Jika telah meyakini salah satu keduanya, berarti kamu siap untuk menerima
konsekuensi yang datang setelahnya," tegas beliau.
Tidak
hanya sesuatu yang haram atau subhat saja, perkara halal yang dilakukan secara
berlebihan (tidak pada tempatnya) juga tidak baik dilakukan. Misalnya, ketika
seseorang sudah makan, kemudian dapat undangan makan lagi, maka ia tetap
mengambil kesempatan itu. Padahal perutnya saat itu sudah sangat kenyang. Karena
hal itu akan mendorong seseorang malas untuk melakukan aktivitas.
“Makanan
atau minuman yang dikonsumsi memberi dampak yang sangat besar untuk tubuh.
Misalnya, mampu menambah semangat, kekuatan atau bahkan menyebabkan penyakit,"imbuh Khadimul Ma’had.
Diantara alasan pentingnya menjaga perut adalah menjaga diri dari api neraka. Sebagaimana dalam firman Allah SWT,
"Sesungguhnya orang-orang yang memakan
harta anak yatim secara zalim, sebenarnya mereka itu menelan api sepenuh
perutnya dan mereka akan masik ke dalam api yang menyala-nyala.”
“Ayat
ini memiliki kolerasi dengan mengonsumsi harta yang haram (dalam hal pengqiyasan).

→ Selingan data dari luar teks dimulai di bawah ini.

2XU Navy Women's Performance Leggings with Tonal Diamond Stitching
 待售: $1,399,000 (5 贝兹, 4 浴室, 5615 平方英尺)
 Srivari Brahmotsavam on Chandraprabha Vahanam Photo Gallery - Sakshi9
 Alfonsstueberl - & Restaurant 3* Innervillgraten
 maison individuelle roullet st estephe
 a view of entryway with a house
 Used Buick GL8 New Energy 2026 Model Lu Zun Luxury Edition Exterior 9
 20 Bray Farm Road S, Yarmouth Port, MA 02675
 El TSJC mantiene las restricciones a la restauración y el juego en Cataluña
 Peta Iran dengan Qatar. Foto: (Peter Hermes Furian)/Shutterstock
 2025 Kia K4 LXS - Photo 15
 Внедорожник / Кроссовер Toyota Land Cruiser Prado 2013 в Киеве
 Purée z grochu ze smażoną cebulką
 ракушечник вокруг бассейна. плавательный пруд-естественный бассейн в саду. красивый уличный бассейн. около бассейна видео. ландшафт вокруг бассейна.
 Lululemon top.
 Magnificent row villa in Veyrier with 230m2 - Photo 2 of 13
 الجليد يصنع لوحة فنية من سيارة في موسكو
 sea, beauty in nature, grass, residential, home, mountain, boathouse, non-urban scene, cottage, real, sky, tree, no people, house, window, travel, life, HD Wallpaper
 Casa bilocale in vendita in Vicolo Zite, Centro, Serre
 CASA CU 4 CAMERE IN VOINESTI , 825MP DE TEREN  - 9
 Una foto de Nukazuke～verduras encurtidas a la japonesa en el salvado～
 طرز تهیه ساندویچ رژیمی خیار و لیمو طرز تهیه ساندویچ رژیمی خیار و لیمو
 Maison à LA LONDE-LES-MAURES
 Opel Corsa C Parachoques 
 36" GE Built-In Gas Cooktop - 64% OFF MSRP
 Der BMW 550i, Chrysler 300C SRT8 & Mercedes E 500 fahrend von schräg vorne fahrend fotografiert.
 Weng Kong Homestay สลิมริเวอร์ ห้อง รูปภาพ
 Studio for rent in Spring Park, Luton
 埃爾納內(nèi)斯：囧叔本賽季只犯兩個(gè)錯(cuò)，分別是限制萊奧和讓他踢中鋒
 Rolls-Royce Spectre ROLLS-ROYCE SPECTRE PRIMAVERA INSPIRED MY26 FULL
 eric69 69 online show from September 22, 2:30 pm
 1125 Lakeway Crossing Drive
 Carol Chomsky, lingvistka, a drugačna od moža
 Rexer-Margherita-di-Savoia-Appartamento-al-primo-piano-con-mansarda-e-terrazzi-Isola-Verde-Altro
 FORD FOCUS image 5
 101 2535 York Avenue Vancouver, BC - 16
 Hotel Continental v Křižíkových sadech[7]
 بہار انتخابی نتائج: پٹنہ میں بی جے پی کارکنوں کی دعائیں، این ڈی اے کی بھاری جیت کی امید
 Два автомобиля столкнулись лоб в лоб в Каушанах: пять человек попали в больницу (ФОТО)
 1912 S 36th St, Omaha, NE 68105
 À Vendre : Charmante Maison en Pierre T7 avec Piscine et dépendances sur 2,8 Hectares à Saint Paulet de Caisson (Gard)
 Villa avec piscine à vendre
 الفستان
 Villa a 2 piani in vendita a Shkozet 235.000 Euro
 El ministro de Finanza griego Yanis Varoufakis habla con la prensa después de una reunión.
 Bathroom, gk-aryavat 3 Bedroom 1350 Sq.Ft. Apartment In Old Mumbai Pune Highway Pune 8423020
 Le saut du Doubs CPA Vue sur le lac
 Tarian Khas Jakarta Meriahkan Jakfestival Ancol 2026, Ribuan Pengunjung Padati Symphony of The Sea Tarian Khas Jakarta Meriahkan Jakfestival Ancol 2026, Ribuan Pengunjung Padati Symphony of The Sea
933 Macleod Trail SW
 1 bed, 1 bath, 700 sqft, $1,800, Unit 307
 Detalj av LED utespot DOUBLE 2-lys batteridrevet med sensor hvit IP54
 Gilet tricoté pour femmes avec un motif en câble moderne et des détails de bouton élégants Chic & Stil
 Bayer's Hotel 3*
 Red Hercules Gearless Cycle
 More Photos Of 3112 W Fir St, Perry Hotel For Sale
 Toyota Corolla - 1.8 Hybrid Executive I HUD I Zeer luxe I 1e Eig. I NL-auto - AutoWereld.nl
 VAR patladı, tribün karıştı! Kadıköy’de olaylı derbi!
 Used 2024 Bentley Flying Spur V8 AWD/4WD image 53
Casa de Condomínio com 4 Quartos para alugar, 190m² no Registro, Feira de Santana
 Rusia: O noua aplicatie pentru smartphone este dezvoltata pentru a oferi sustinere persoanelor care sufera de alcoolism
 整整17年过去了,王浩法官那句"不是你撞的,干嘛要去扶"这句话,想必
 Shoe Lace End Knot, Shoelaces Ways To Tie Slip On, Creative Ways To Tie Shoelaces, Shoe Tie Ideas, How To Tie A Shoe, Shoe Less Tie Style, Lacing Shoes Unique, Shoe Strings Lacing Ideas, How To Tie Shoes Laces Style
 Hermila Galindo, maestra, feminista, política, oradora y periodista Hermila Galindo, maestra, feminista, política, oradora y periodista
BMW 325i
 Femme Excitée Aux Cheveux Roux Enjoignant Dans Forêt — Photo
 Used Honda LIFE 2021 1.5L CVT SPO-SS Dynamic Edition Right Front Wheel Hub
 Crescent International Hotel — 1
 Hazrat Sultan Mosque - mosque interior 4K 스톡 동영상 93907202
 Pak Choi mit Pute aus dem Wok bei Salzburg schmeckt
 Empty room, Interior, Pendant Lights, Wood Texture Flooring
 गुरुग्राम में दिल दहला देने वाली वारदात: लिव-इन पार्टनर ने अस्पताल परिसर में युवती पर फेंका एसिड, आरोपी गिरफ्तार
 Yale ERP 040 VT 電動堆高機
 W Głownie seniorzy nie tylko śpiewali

Ia memiliki dua illat yang sama. Jika memakan harta anak yatim illatnya
mengambil harta tersebut dengan cara yang zalim. Maka harta yang haram illatnya
karena memakan sesuatu yang sudah jelas keharamannya, seperti anjing dan babi," jelas Gus Mahrus Iskandar.
“Jangan
meremehkan hal-hal yang masuk ke dalam tubuh, meski pun hal itu terlihat kecil
atau biasa-biasa saja. Karena, makanan yang dikonsumsi akan menjadi benih
akhlak. Jika konsumsi kita baik maka akan menghasilkan akhlak yang baik begitu
juga sebaliknya" pungkas beliau. (Robiah)
- Tulisan ini merupakan catatan ringkas Kajian Kitab Minhajul Abidin yang diampu oleh KH. Mahrus Iskandar, B.Sc (Khadimul Ma'had Asshiddiqiyah Jakarta) secara rutin tiap Senin malam.